3. Retrieving Additional Geographic Data#
The geographies
return type allows for the retrieval of additional data associated for a given address or set of coordinates. The example below retrieves this data using the address of the Bruno Business Library at the University of Alabama.
Note that the geographies
return type requires the vintage
parameter to be specified.
Users may additionally include the layers
parameter, which determines the types of geography data returned. For a list of all layers, see here.
return_type = 'geographies'
search_type = 'address'
params = {
# Specify the address to lookup with the following parameters
'street': '425 Stadium Dr',
'city': 'Tuscaloosa',
'state': 'AL',
'zip': 35401,
# Specify the version of the locator to be searched
'benchmark': 'Public_AR_Current',
# Specify the vintage
'vintage': 'Current_Current',
# Specify what categories of geographic data to retrieve
'layers': 'all',
# Specify that data should be returned in JSON format
'format': 'json'
}
response = requests.get(f'{BASE_URL}{return_type}/{search_type}', params=params)

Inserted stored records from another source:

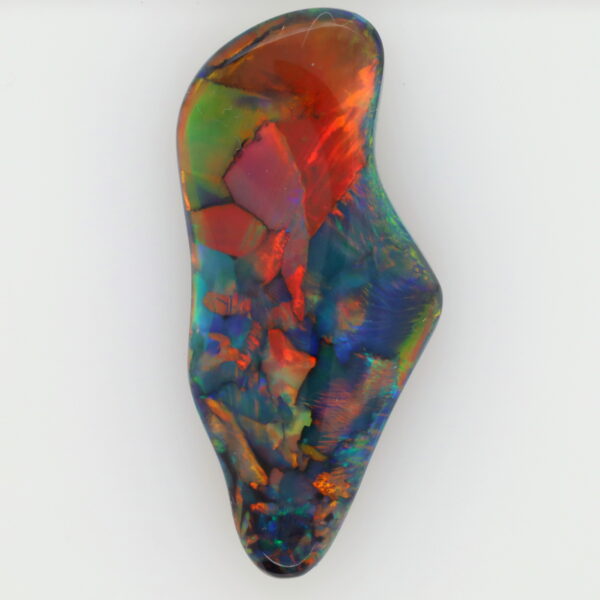 Red, Orange, Yellow, Green, Blue Unset Solid Black Opal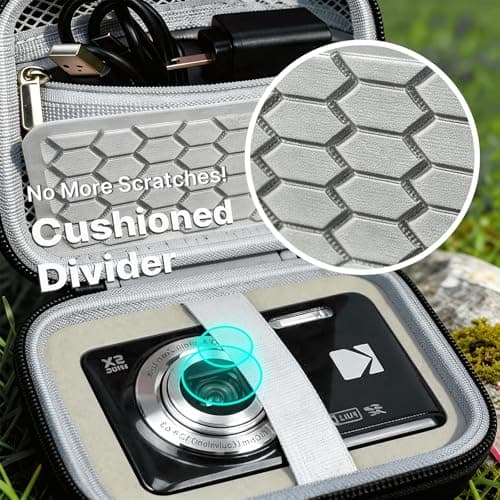 Comecase Hard Camera Case for KODAK PIXPRO FZ55 FZ45, Shockproof Digital Camera Bag with Accessory Mesh Pocket, Small Vlogging Camera Case, Portable Travel Carrying Pouch for All Ages, Black - Thumbnail 3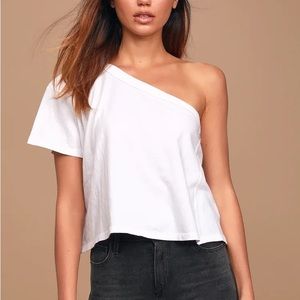 Free People Aubrey One shoulder tshirt in white xsmall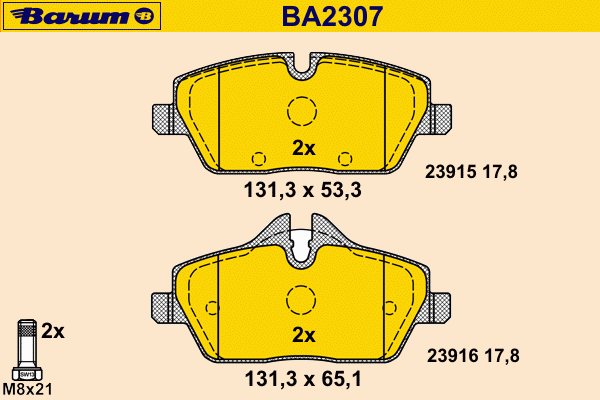 Brake Pad Set, disc brake BA2307
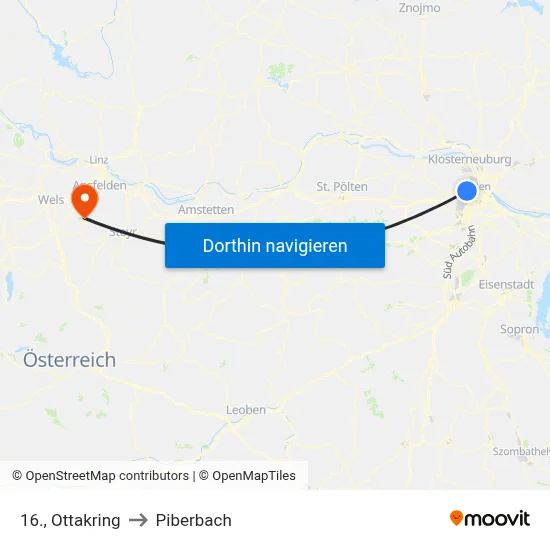 16., Ottakring to Piberbach map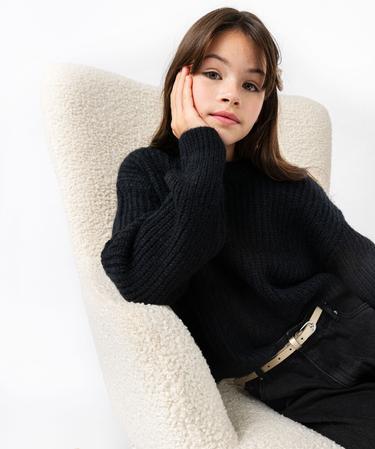 Pull Fille F&F 9-10 Ans, Col Simulé Noir, Manches Longues, En Viscose Extensible, Bon état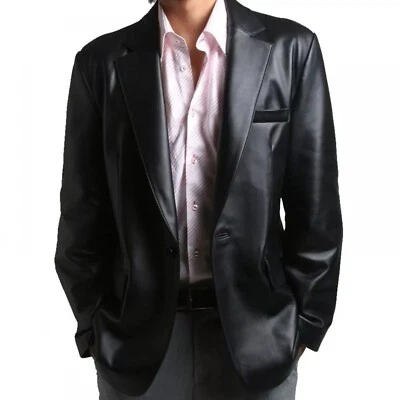 Men's Black Leather Blazer 100% Real Lambskin Long Lapel Coat Single Button Suit - Image 1 of 4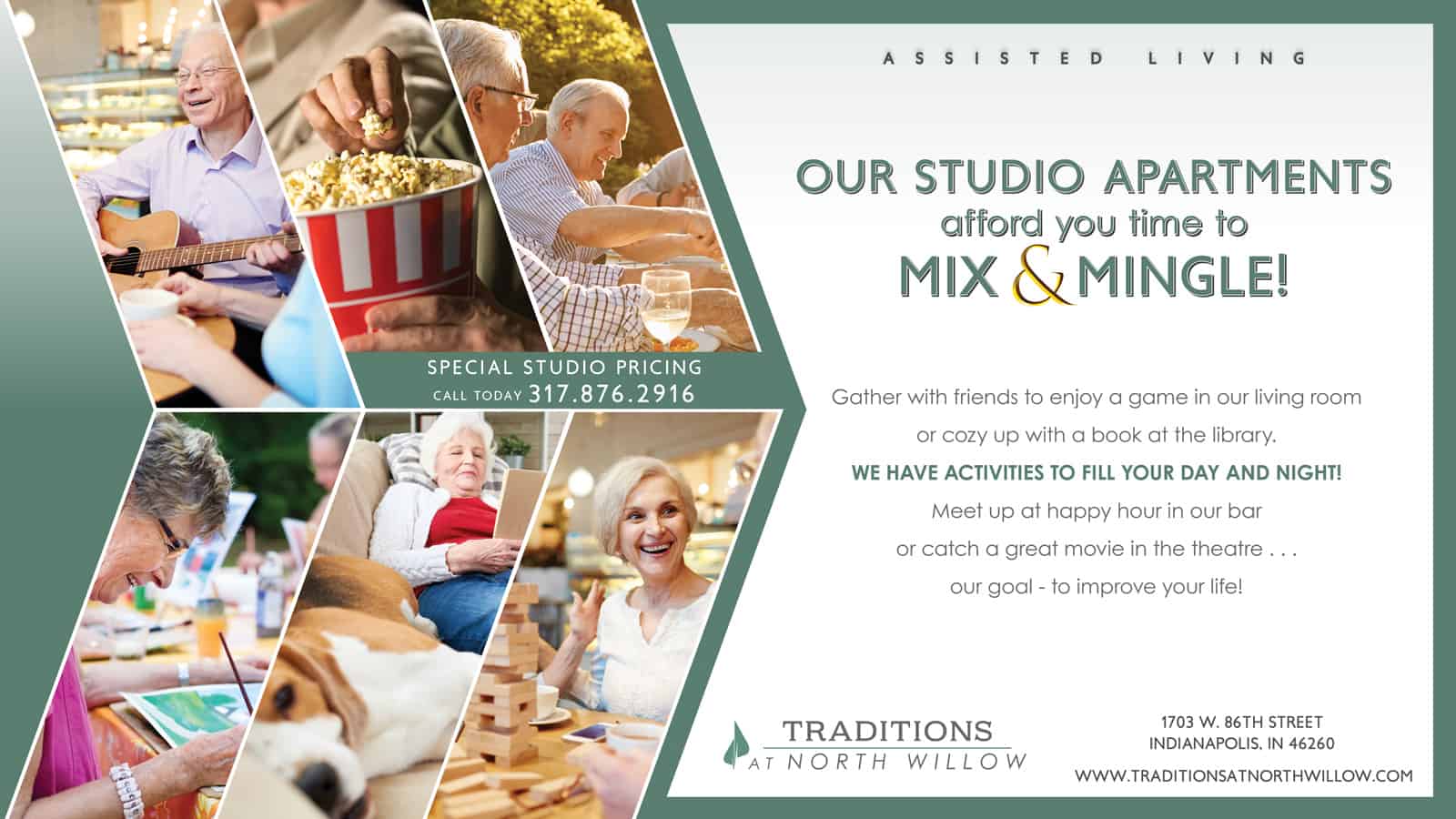 A horizontal flyer advertising their studio apartments. On the left, there are 6 pictures of different activities including a man playing with a guitar, someone eating popcorn, outside drinking wine, painting, a woman and dog lounging, and a woman playing jenga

# Status code of 200 indicates success
response.status_code
200
Note that the geographies
return type returns all of the data that the locations
return type does in addition to the geographies data.
pprint(response.json()['result']['addressMatches'][0], depth=1)
{'addressComponents': {...},
'coordinates': {...},
'geographies': {...},
'matchedAddress': '425 STADIUM DR, TUSCALOOSA, AL, 35401',
'tigerLine': {...}}
The geographies data contains the following categories:
pprint(response.json()['result']['addressMatches'][0]['geographies'], depth=1)
{'119th Congressional Districts': [...],
'2020 Census Blocks': [...],
'2020 Census Public Use Microdata Areas': [...],
'2020 Census ZIP Code Tabulation Areas': [...],
'2024 State Legislative Districts - Lower': [...],
'2024 State Legislative Districts - Upper': [...],
'Census Block Groups': [...],
'Census Divisions': [...],
'Census Regions': [...],
'Census Tracts': [...],
'Counties': [...],
'County Subdivisions': [...],
'Incorporated Places': [...],
'Metropolitan Statistical Areas': [...],
'States': [...],
'Unified School Districts': [...],
'Urban Areas': [...]}
As an example, this is how the Counties data is formatted.
response.json()['result']['addressMatches'][0]['geographies']['Counties']
[{'GEOID': '01125',
'CENTLAT': '+33.2894031',
'AREAWATER': '78666216',
'STATE': '01',
'BASENAME': 'Tuscaloosa',
'OID': '2759075608325',
'LSADC': '06',
'FUNCSTAT': 'A',
'INTPTLAT': '+33.2902197',
'NAME': 'Tuscaloosa County',
'OBJECTID': 3113,
'CENTLON': '-087.5250366',
'COUNTYCC': 'H1',
'COUNTYNS': '00161588',
'AREALAND': '3421017287',
'INTPTLON': '-087.5227834',
'MTFCC': 'G4020',
'COUNTY': '125'}]